Tairov, Aleksandr Yakovlevich

▪ Russian director

original name Aleksandr Kornblit

born June 24, 1885, Romny, Russia

died Sept. 25, 1950, Moscow

 founder and producer-director (1914–49) of the Kamerny (Kamerny Theatre) (Chamber) Theatre in Moscow, which, during the era of the Revolution, rivaled the Moscow Art Theatre in professional competence.

      Tairov took up law briefly before settling on a theatrical career. He worked in several companies, including that of the Mobile Theatre of P.P. Gaydeburov. In 1913–14 he managed the shortlived Free Theatre Moscow prior to founding the Kamerny.
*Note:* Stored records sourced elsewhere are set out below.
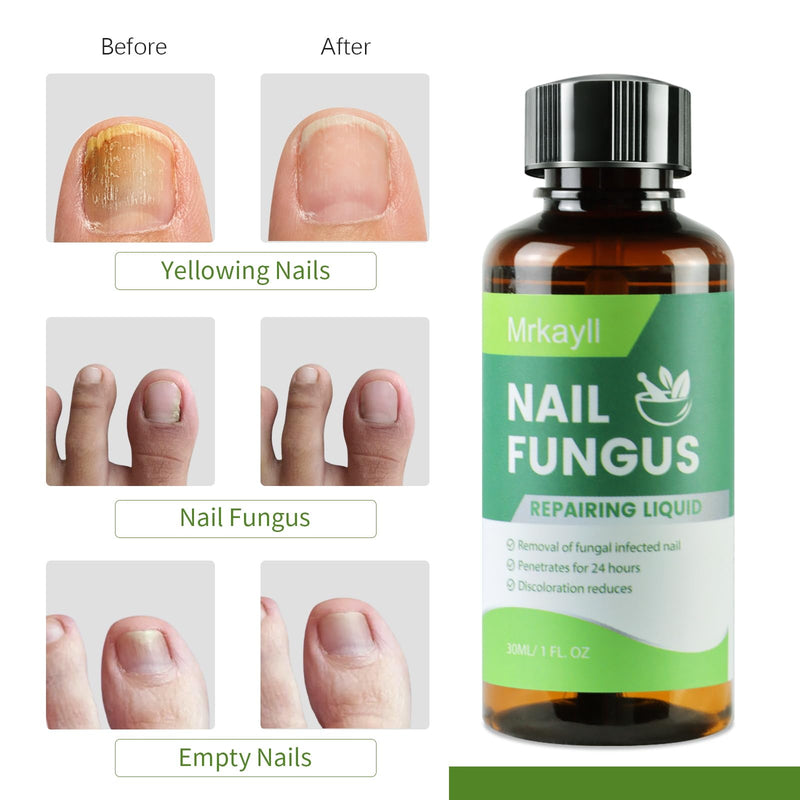 Toenail Fungus Treatment Extra Strength: 7 Pure Natural Plant Extracts，Toe & Fingernail Fungus Renewal - Nail Fungus Treatment Kit with Brush & File - For Ingrown Nails & Discoloration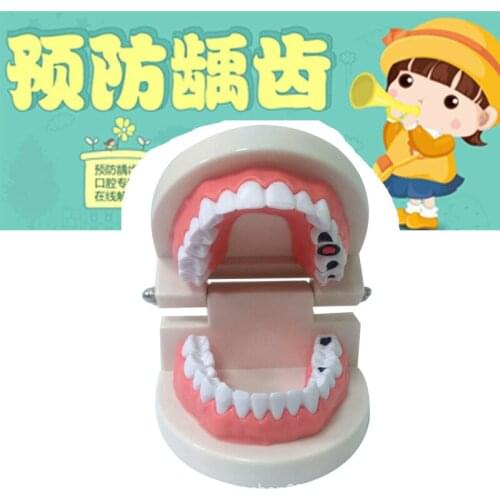 ABS PVC Dental Model Oral Instrument Tools Dental Consumables Tooth Decay Model Medical Care Teaching Aids Teeth Model
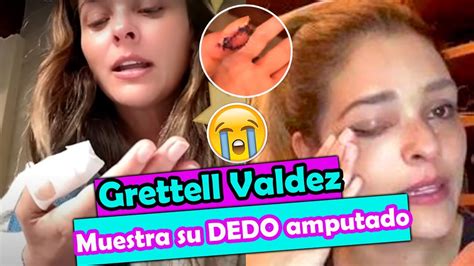 😭grettell Valdez Revela Cómo Contrajo El Virus Que Le Fue Extirpado De Su Dedo Youtube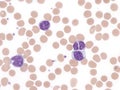 B-cell prolymphocytic leukemia with binucleated lymphocytes. Peripheral blood. Royalty Free Stock Photo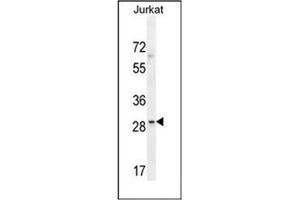 Western blot analysis of LRRC25 Antibody (C-term) in Jurkat cell line lysates (35ug/lane). (LRRC25 Antikörper  (C-Term))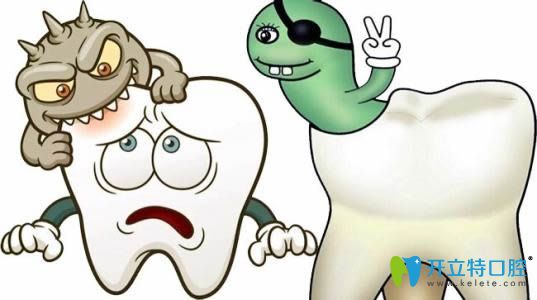  葉賢浩醫(yī)生科普為什么要補牙？補牙疼不疼？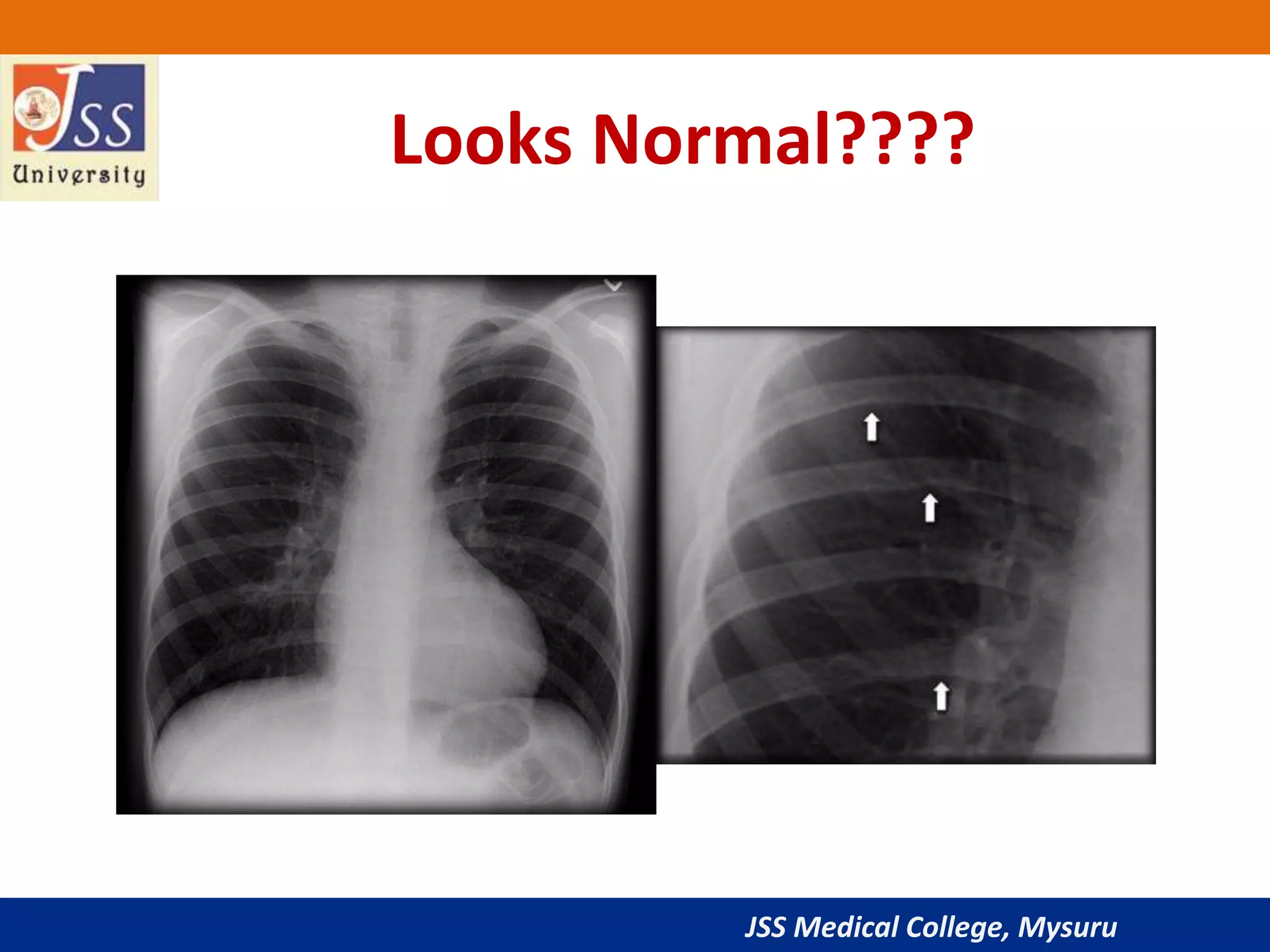 JSS Medical College, Mysuru
Looks Normal????
 
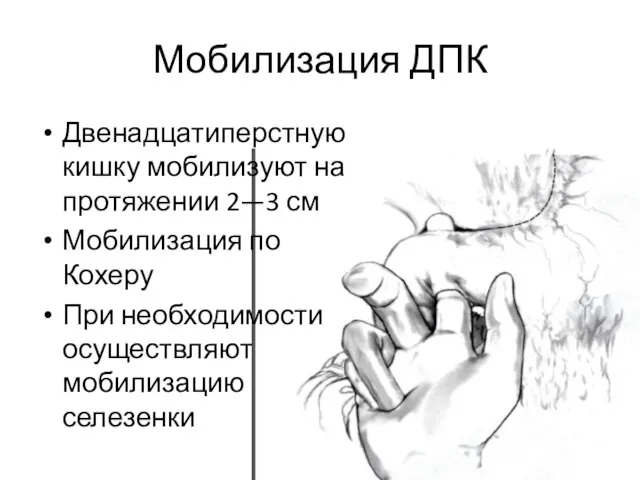 Мобилизация ДПК Двенадцатиперстную кишку мобилизуют на протяжении 2—3 см Мобилизация по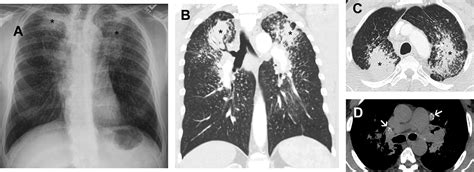 Imaging Patterns In Occupational Lung Disease—when Should I Consider Radiologic Clinics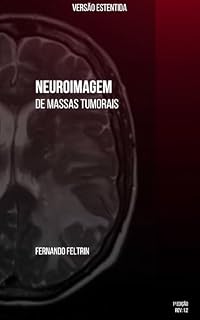 Livro Neuroimagem de Massas Tumorais: Versão Estendida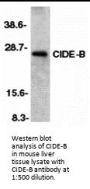 CIDE-B Antibody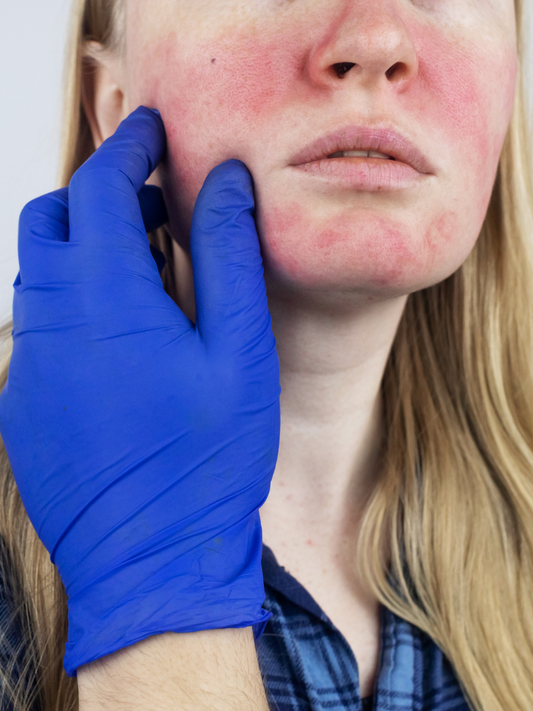 Rosacea: i fattori scatenanti da conoscere e come gestirli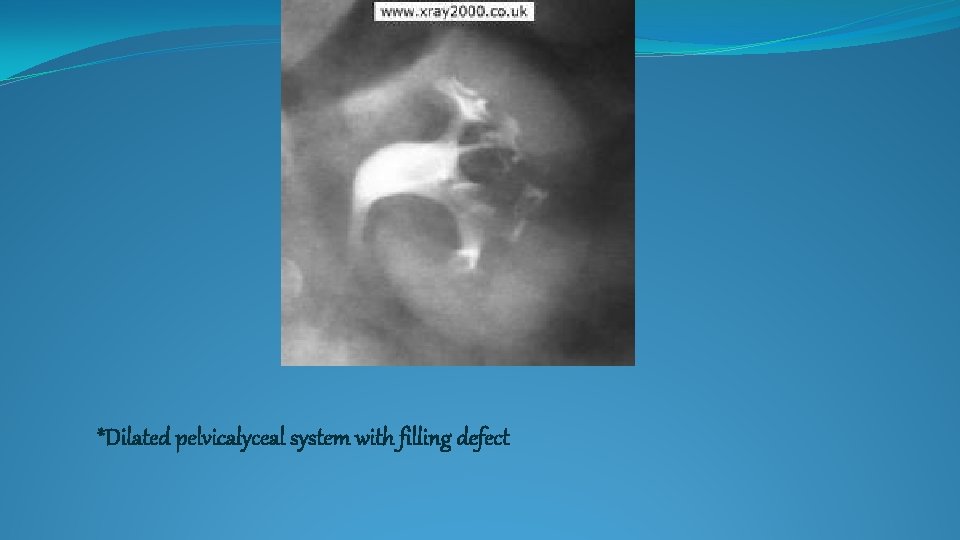 *Dilated pelvicalyceal system with filling defect 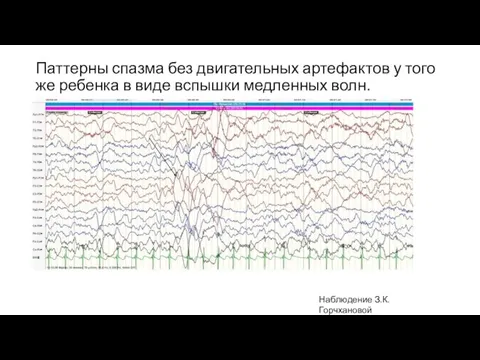 Паттерны спазма без двигательных артефактов у того же ребенка в виде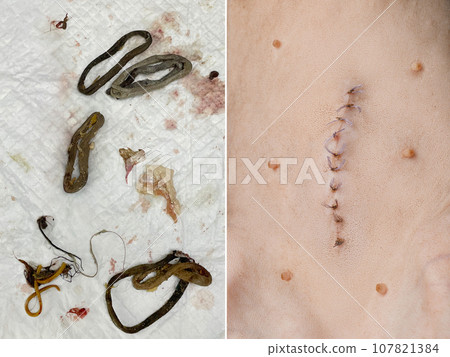 Cat Intestinal Blockage. Intestinal contents and suture scar closeup 107821384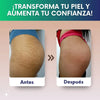 Skin Repair - Crema antiestrías con Colageno
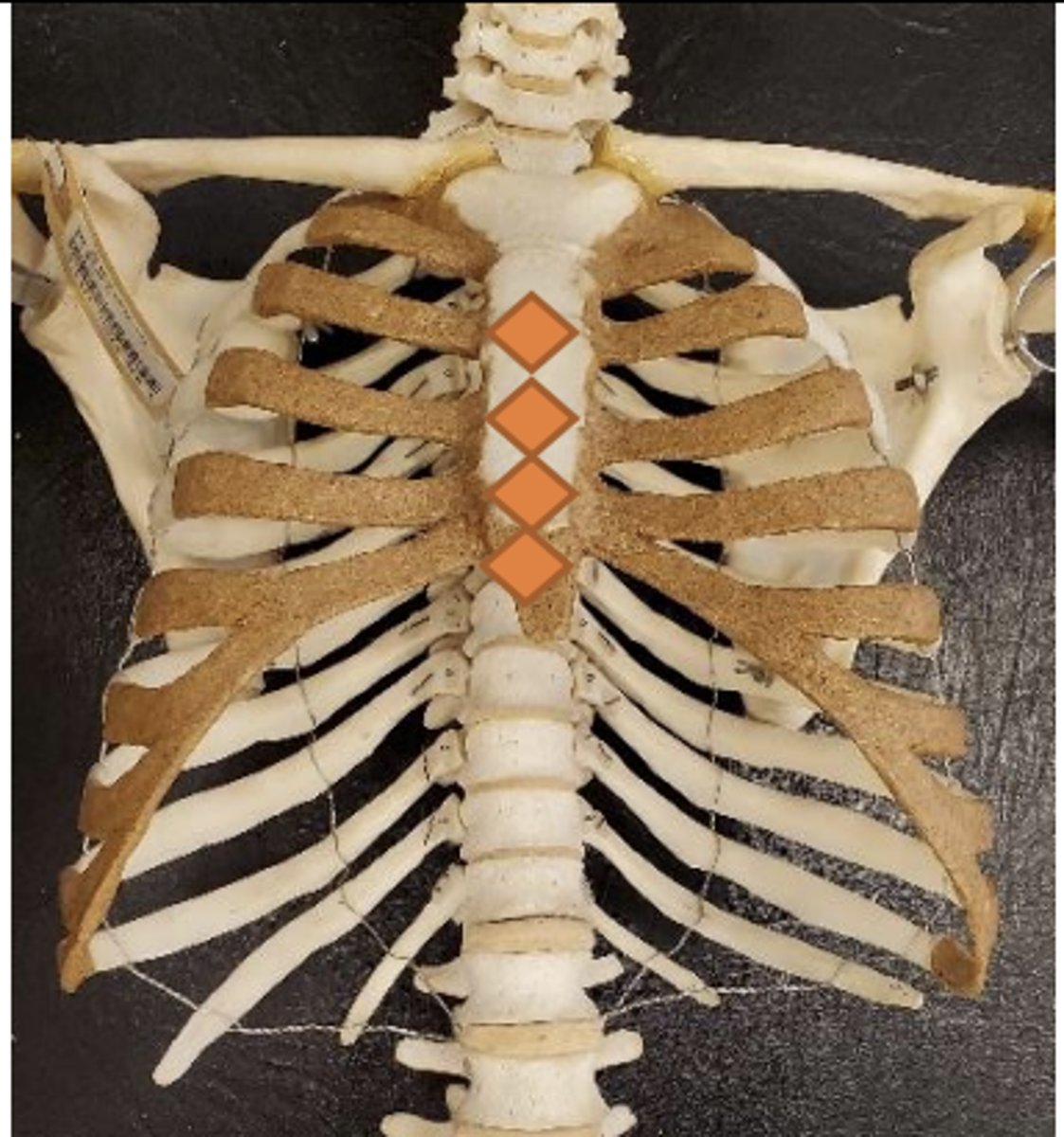 <p>on sternum at appropriate level (midline or just lateral to)</p>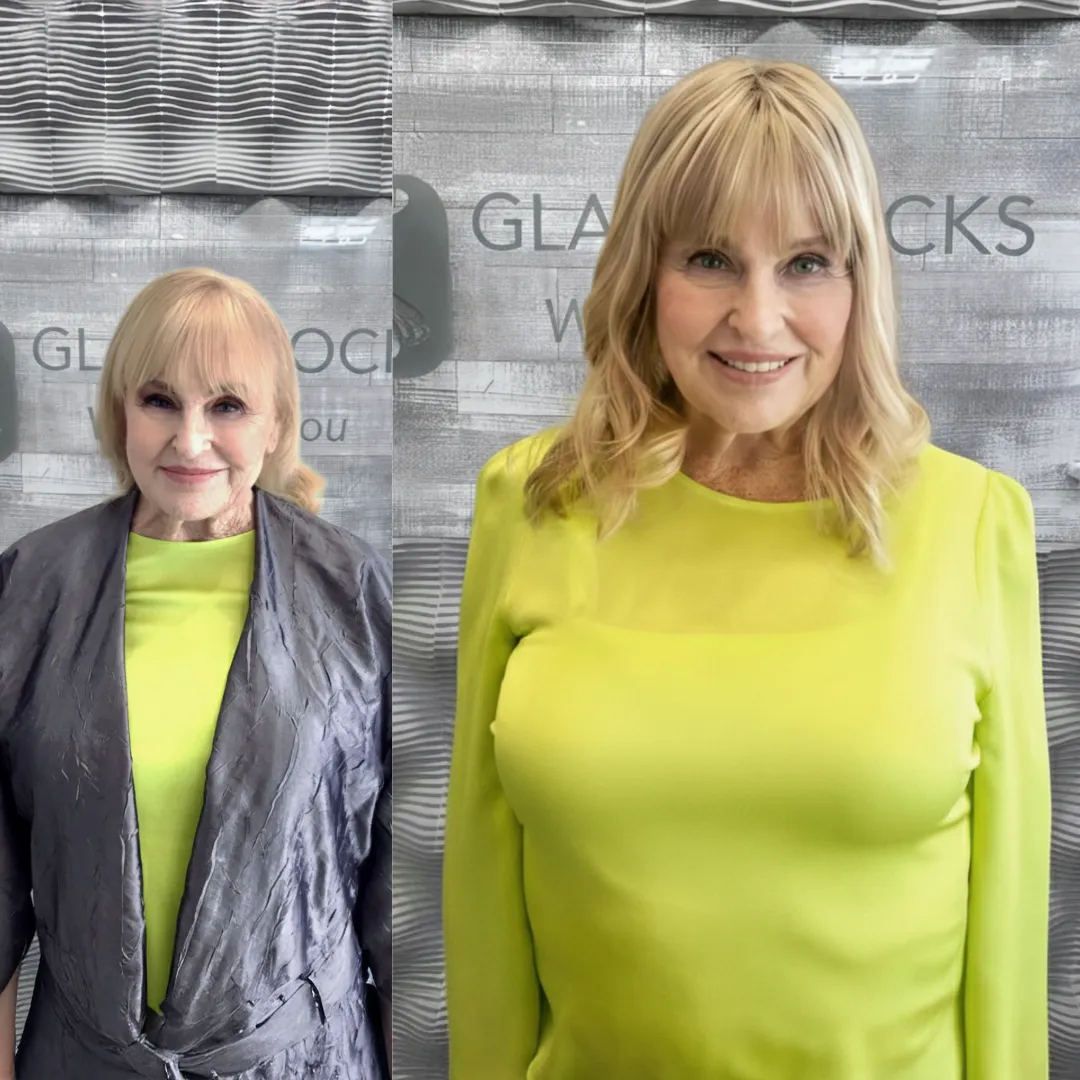 Crown Fusion before and after - right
      In the wake of the Bolshevik Revolution—at a time when the United States had broken off diplomatic relations with the Soviet Union—Tairov brought to Moscow audiences the work of the American playwright Eugene O'Neill, notably The Hairy Ape, All God's Chillun Got Wings, and Desire Under the Elms. Tairov's style was avant garde, particularly with respect to staging. He helped develop the functional “constructivist” setting, a bare, multilevel scaffolding devoid of traditional decorative scenery. His approach to theatre was stylized and antirealistic and was diametrically opposed to that of the followers of actor-director Konstantin Stanislavsky. He attached great importance to the actor's physical attributes; members of his company were rigorously trained in dancing, singing, acrobatics, and rhythmic precision of move ment. His 1934 production of Vsevolod Vishnevsky's The Optimistic Tragedy was regarded as a high point of Socialist Realist theatre. Under pressure from Stalinist authorities, however, Tairov was eventually compelled to work under the guidance of a state theatre committee. His wife, Alisa Koonen, starred in many of his productions.